She’s right. Okay, what now?

Letting Go of the Shoulds and the Coulds

I didn’t think I was going to cry that much. I thought I’d be stoic and happy and excited, mostly, but I guess sometimes I don’t know my own heart.

I started to tear up as we got in the car to drive to the bus stop. I saw the neighbors outside. Their son is the same age as my daughter, and although he’s going to a different school, he’s also starting Kindergarten today. A threesome, they were taking the obligatory “first day of school” photo. The dad was dancing  trying to make his son smile. The mom was making sure his hair was fixed and his sign was straight. They both got a chance to take a picture (that wasn’t a selfie) with their son. I choked back a knot in my throat as I pulled away.

Then we got to the bus stop. Some other neighbors were there, a foursome, mom, dad, little brother and their daughter who is going into Kindergarten at my daughter’s school. They chatted, played man-to-man while I worked a zone defense with my two. I took a few selfies, only one turned out.

Then I watched her step onto the bus and the tears came hot and fast. He should be here, I thought. He shouldn’t miss this. But he did. Because that’s one of the punishments the ex doles out for divorcing him — refusing to be anywhere I am even if it’s a birthday party, a dance recital or the first day of Kindergarten.

I got in the car and drove to her school to meet the bus. I wanted to be there when she got off to show her where to find her classroom. I wanted to deposit her safely at the door; see her walk in for the first time. As I drove I silently shook my shoulders and stifled my sobs so my son wouldn’t hear me from the back seat. When I parked, I quickly texted him a picture of her going off to school. I have to try, right?

As I pulled up, the school walkway was full of moms and dads, grandmas and grandpas all saying goodbye, wishing the little ones a good day, giving kisses and hugs and taking more pictures. You’d think there were a bunch of rock stars walking into the building with as many cell phones were in the air. I guess there were.

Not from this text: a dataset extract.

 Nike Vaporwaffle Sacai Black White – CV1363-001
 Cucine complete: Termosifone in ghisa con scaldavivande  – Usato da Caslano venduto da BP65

He shouldn’t be missing this, I thought again. How can his hatred overshadow this? I tried to get angry but I couldn’t. I was just overwhelmingly sad. I hurt for her. But of course she wasn’t fazed, or at least it never shows. In 8 months she’s gotten used to the idea that mommy and daddy never talk, and are never in the same place at the same time. She knows this is how it is, and isn’t yet aware that this isn’t how it should be. She doesn’t know that these two adults, her parents, should be able to set aside the hurt and the anger and come together for her sake. She doesn’t know these things yet.Yet.

I don’t get to pick her up from the bus when she arrives home from her first day of Kindergarten. I won’t get to give her a hug and ask her all about her day because it’s her dad’s night. I’m going to try to call later, but there’s no guarantee he’ll answer his phone or respond to my text. This is another punishment he doles out for divorcing him; refusing to let me speak to our children when they are with him.

As I pulled away from her school the tears came still, but they were more in resignation than sadness. Because in her 5-year-old-wisdom I realized she’s right. No matter how much I wish things could be different, they aren’t. Know matter how much I KNOW they should be different, they probably never will be. Because this is how it is, and there is a certain amount of freedom in letting go of the shoulds and the coulds. Maybe she knows that already and it’s ME who is the one who doesn’t know yet. Yet.

As I flipped through the pictures I took of her first day of Kindergarten, I uploaded a few to Facebook and Instagram. Then, as I often do, I lingered over a few and studied her face; the moment she saw the bus coming, the moment her brother pushed me out of the way to give her a kiss and she lifted him from the ground, the moment she walked down the hall and didn’t turn back…

1st day of Kindergarden

The more I looked, the more I wanted to cry. But then I noticed something truly astonishing… I’m an editor by profession and I spelled Kindergarten wrong.


Then I laughed myself silly. I laughed so hard I cried for a whole other reason.

Oh life with your irony and pain and constant changing of the rules. Thank you for reminding me not to take myself too seriously. Seriously. I needed that. 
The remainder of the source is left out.